We made it through the employee door and into a quiet stretch of the backlot before my knees went weak and I nearly toppled forward. Mary was there to grab me and keep me from going over—mostly. She was still sweet sixteen, and a skinny sixteen to boot. I was more than a foot taller, and easily fifty pounds heavier. She managed to slow my descent, but in the end, she couldn’t keep my knees from hitting the concrete.

The crunching sound they made was familiar from a thousand roller derby practices, and oddly soothing. The world was turning itself merrily upside down. I could still feel pain, and still pay for the choices I made.

“Hey.” Mary knelt in front of me, brushing my hair away from my eyes. Her own eyes were a thousand miles of empty highway, a color that wasn’t really a color and was more a state of despair. They shouldn’t have been soothing. I’ve been looking at them for almost my entire life, and they were something familiar I could cling to. “Stay with me now. Don’t you go wherever it is you want to go.”

“I want to go home,” I whispered, and my voice had so much in common with little Ginger that it hurt to hear.

“You could.”

“I can’t.”

“I know.” Mary offered a small, half-pained smile. “But you’re with me now. Breathe. Keep breathing. I’m going to go get you something to bring your blood sugar back up. You should be safe here. Do you feel like you’ll be safe here?”

I nodded, closing my eyes. Despite the bone-deep weariness that was settling over me now that the adrenaline was leaving my body, I wasn’t hurt; I wasn’t even scratched, unless I wanted to count my aching knees. I was just tired. This was so like what I had trained for, and so unlike it at the same time, that I didn’t have the coping mechanisms I needed.

“Okay. I’ll be right back. Don’t go anywhere.”

There was the faintest of sounds, like air rushing back into the space where she’d been, and I was alone. I kept my eyes closed, inhaling through my nose and exhaling through my mouth, looking for that quiet core of serenity that Colin had been helping me to find.

The fire hadn’t been there when I needed it. After so many accidents and one notable save—it’s hard to top burning down the big tent while I was still in it for the needlessly dramatic, even if that alone hadn’t been enough to save the carnival—the fire hadn’t been there. I was learning to speak, and losing the ability to scream. That was unnerving on a level that I didn’t really have the words for. If turning me into a better sorcerer meant I wasn’t going to be able to defend myself, was it really worth it?

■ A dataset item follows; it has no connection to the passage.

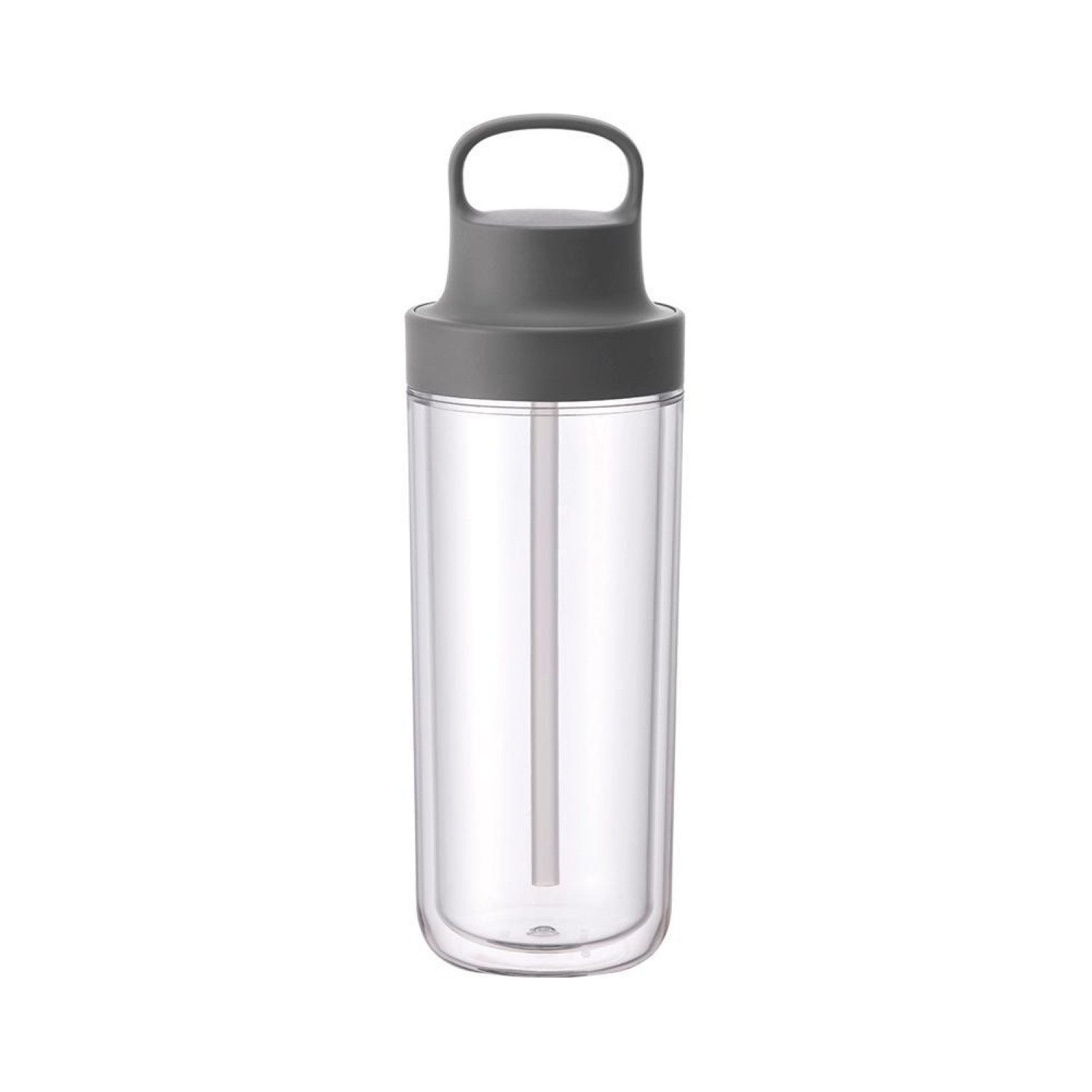 Kinto-To-Go-Water-Bottle-480ML-Dark-Gray-1.jpg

(Did I even want to be a sorcerer? I didn’t have a choice about being a magic-user. It’s in my genes, a gift from a distant grandfather who disappeared long before I was born, and I can’t reject it any more than I can change the color of my eyes. But there’s a big difference between having a talent and training it in a specific way. If I kept working with Colin, one day his way wouldn’t just be the right way: it would be the only way, and I wouldn’t understand why I’d ever thought differently. There was only so much of a window for stopping this, and it was getting narrower by the day.)